I'm in Canada and we aren't offered that test here, just the IPS (triple screen), involving two blood tests and an ultrasound. I'm not sure what the Maternity21 test involves but as long as it isn't invasive like an amnio it don't think there is any harm to baby. It depends on your views about what you would do if you found out your child had a chromosomal abnormality. Would you terminate? If you are sure that you wouldn't, then I guess being tested doesn't matter. That said, many people who would have the baby no matter what say they would like to know to be mentally prepared. Remember that the OVERWHELMING majority of babies are born perfectly healthy and statistically it is close to certain that yours will be too. Not sure any of that helps...!


----------



## jzgrace

tryfor2 said:


> I'm in Canada and we aren't offered that test here, just the IPS (triple screen), involving two blood tests and an ultrasound. I'm not sure what the Maternity21 test involves but as long as it isn't invasive like an amnio it don't think there is any harm to baby. It depends on your views about what you would do if you found out your child had a chromosomal abnormality. Would you terminate? If you are sure that you wouldn't, then I guess being tested doesn't matter.

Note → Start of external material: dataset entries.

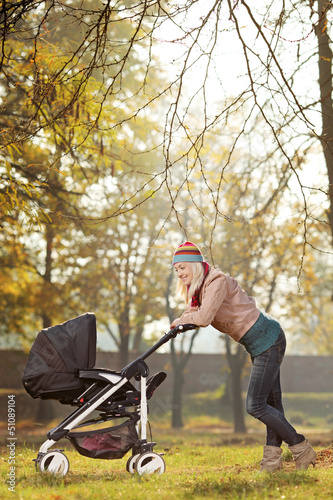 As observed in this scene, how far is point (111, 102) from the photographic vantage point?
10.2 m

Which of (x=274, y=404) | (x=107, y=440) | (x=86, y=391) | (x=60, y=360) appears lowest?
(x=107, y=440)

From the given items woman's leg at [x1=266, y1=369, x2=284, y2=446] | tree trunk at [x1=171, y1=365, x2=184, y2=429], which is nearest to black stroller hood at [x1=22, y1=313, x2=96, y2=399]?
woman's leg at [x1=266, y1=369, x2=284, y2=446]

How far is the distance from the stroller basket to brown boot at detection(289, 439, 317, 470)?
1278 mm

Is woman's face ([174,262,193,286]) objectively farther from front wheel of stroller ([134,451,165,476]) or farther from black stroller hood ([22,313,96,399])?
front wheel of stroller ([134,451,165,476])

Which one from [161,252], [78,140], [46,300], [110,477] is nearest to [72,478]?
[110,477]

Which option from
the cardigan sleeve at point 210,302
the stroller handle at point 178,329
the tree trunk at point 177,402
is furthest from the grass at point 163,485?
the tree trunk at point 177,402

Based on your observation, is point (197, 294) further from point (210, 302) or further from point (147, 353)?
point (147, 353)

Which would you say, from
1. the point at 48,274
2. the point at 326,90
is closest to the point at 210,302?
the point at 326,90

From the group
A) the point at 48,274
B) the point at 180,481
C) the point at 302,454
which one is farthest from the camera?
the point at 48,274

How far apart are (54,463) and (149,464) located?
2.37 feet

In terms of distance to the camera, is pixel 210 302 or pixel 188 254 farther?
pixel 188 254

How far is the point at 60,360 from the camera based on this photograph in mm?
4727

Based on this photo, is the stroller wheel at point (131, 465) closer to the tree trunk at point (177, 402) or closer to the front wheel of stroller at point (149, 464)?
the front wheel of stroller at point (149, 464)

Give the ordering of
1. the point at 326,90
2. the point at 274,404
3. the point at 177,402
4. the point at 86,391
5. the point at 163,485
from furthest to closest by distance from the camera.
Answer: the point at 177,402
the point at 326,90
the point at 274,404
the point at 86,391
the point at 163,485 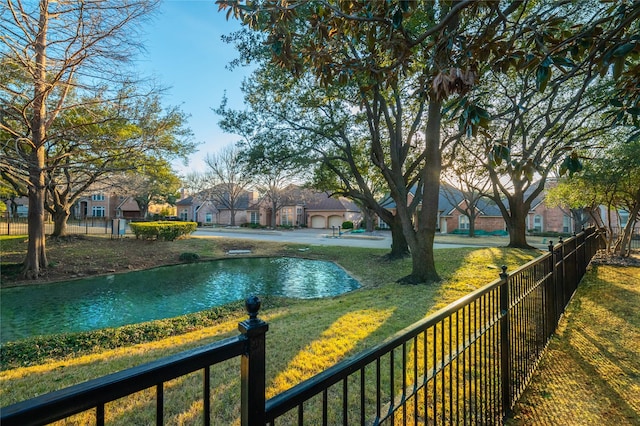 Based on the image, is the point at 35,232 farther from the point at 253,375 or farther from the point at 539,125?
the point at 539,125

That said, many people who would have the baby no matter what say they would like to know to be mentally prepared. Remember that the OVERWHELMING majority of babies are born perfectly healthy and statistically it is close to certain that yours will be too. Not sure any of that helps...!

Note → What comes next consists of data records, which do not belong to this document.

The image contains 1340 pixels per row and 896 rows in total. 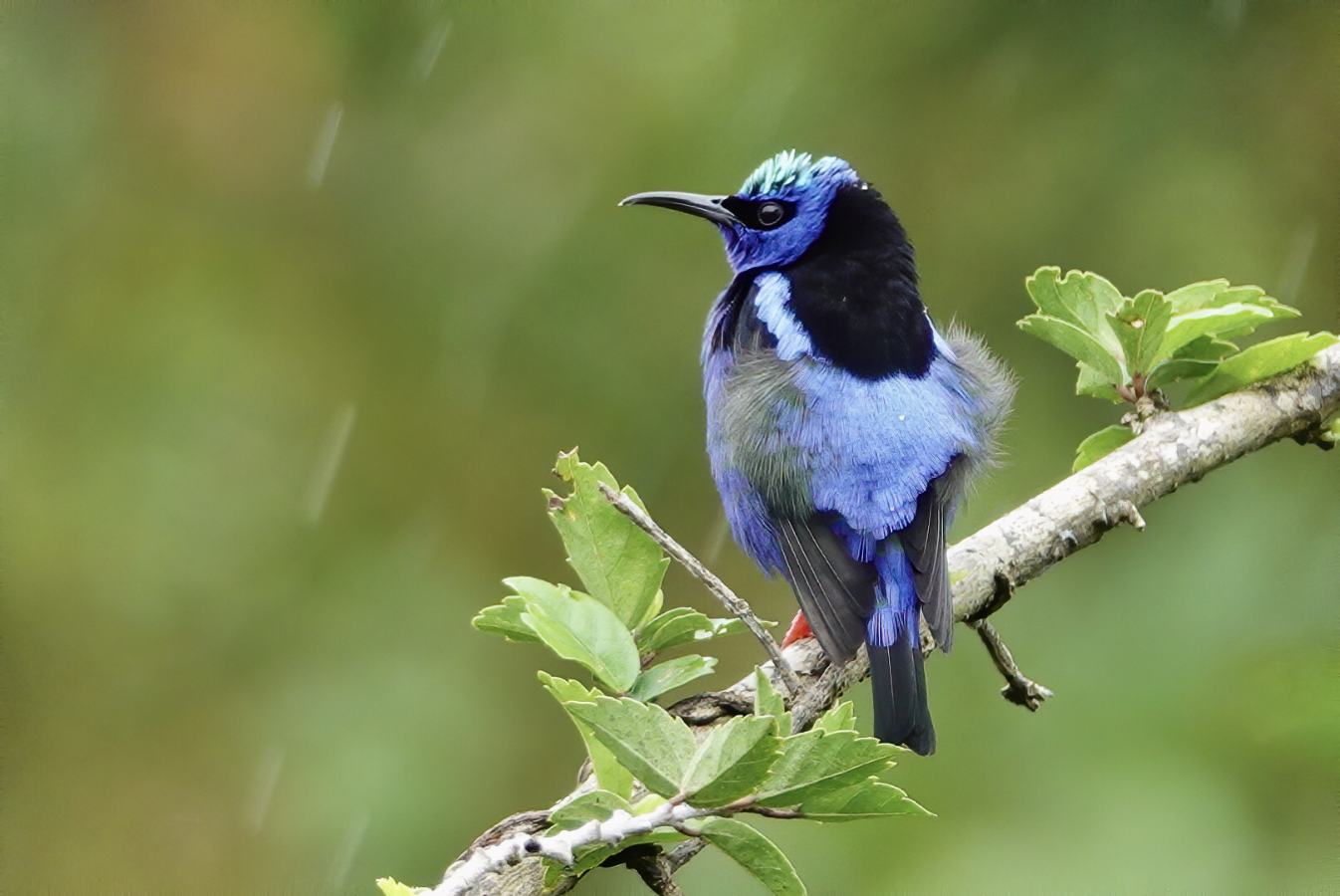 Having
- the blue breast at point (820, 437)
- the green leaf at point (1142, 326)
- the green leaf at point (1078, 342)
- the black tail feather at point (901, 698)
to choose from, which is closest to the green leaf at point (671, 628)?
the black tail feather at point (901, 698)

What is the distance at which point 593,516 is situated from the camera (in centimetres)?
236

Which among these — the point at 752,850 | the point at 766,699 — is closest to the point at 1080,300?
the point at 766,699

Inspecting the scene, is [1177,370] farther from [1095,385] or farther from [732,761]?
[732,761]

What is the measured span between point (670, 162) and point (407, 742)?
270 cm

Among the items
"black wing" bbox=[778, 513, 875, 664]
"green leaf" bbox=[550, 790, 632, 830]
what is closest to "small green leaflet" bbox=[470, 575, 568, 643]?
"green leaf" bbox=[550, 790, 632, 830]

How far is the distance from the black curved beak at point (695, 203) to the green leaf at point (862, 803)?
8.74 ft

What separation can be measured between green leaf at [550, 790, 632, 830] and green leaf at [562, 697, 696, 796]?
0.06 m

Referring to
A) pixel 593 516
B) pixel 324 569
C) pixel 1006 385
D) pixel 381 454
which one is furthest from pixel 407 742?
pixel 593 516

Thanks try ! I couldn't see terminating. I guess I would just want to be as you said...mentally prepared. But I am a HUGE worry wart! And I have anxiety. I'm just nervous I guess. I'm sure everything will be just fine. The percentage is so miniscule that I guess I just shouldn't worry.:hugs: thanks again!


----------



## Nikko88

I was offered and was grateful it was covered by my insurance. I have a background in genetics and developmental biology. For me, it was important to know if there was a likelihood of my little bean having a genetic mutation that would be incompatible with life or would need special consideration for delivery and neonatal care. I preferred the yes/no results of a genetic test rather than the 1 in X number risk of the subsequent morphology screens and blood tests.

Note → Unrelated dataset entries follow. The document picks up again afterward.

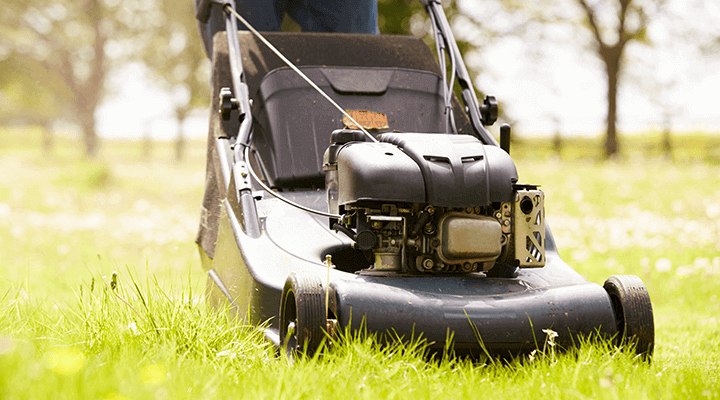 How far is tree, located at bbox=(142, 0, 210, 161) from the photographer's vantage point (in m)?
19.1

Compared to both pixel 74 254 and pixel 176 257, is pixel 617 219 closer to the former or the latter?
pixel 176 257

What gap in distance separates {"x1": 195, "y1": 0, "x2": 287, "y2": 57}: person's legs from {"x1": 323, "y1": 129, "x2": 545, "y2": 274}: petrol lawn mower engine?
194 centimetres

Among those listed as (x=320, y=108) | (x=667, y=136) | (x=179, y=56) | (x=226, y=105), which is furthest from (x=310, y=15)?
(x=179, y=56)

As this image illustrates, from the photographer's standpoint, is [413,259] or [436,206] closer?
[436,206]

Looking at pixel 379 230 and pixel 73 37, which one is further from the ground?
pixel 73 37

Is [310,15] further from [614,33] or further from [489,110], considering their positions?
[614,33]

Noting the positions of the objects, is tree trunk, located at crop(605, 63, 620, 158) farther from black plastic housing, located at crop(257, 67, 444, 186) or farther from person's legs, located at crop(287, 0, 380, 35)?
black plastic housing, located at crop(257, 67, 444, 186)

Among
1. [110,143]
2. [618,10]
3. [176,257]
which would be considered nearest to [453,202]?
[176,257]

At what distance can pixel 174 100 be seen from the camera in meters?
24.5

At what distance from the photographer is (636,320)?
97.4 inches

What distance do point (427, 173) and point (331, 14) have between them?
7.63ft

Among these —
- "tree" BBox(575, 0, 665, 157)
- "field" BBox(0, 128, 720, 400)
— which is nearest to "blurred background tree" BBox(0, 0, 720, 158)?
"tree" BBox(575, 0, 665, 157)

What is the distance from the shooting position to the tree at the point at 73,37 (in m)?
20.3

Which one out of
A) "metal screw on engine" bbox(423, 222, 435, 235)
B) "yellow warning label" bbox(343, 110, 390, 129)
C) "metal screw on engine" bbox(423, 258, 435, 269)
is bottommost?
"metal screw on engine" bbox(423, 258, 435, 269) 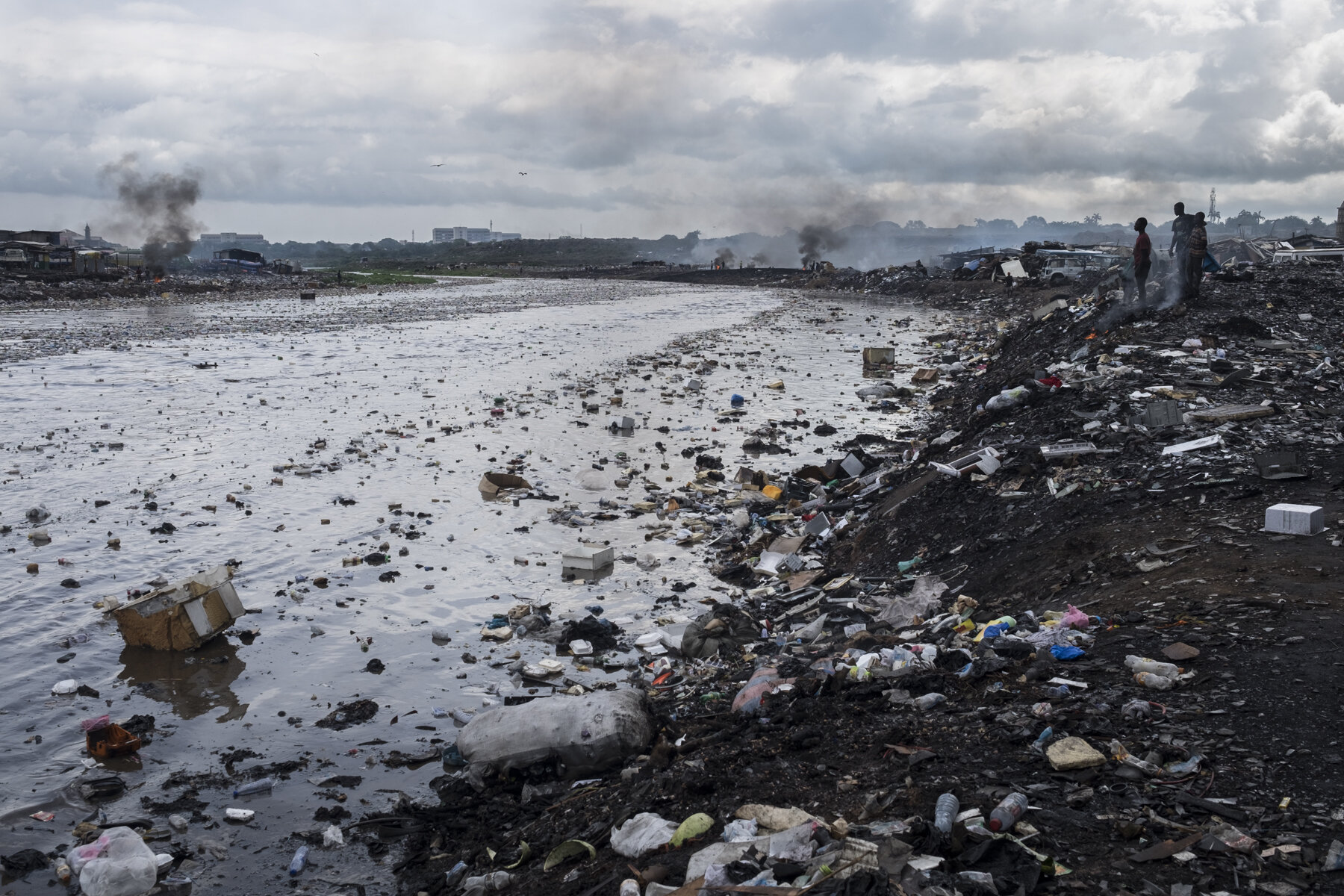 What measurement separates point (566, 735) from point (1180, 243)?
1163 cm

I had the materniT 21 test that involved a simple blood draw followed by genetic screening of the fetal cells. Completely non-invasive and results were back in less than a week

It is a personal choice like all prenatal testing.


----------



## Jinga

I was offered the testing, but declined. My insurance pretty much never pays for anything "extra" and even when it does I have to max out our family deductible first. I figure I'll wait for the anatomy scan (next week!) and if they see anything off I'll do additional testing.


----------



## tryfor2

Jzgrace, if you're a worry wart (so am I), maybe you should get it. It's not like it gives you a 1 in whatever chance of carrying a baby with _____ like the IPS.... That can really mess with your head and often times the people who are told their baby has a high chance of having some sort of problem spend their entire pregnancies freaking out only to give birth to perfectly happy babies. From what I understand, the Marerniti21 test gives you a definitive answer. Chances are, you'll be given the all clear and then can hopefully rest easily for the duration of your pregnancy. As far as that's concerned at least!


----------



## jzgrace

tryfor2 said:


> Jzgrace, if you're a worry wart (so am I), maybe you should get it. It's not like it gives you a 1 in whatever chance of carrying a baby with _____ like the IPS.... That can really mess with your head and often times the people who are told their baby has a high chance of having some sort of problem spend their entire pregnancies freaking out only to give birth to perfectly happy babies. From what I understand, the Marerniti21 test gives you a definitive answer. Chances are, you'll be given the all clear and then can hopefully rest easily for the duration of your pregnancy. As far as that's concerned at least!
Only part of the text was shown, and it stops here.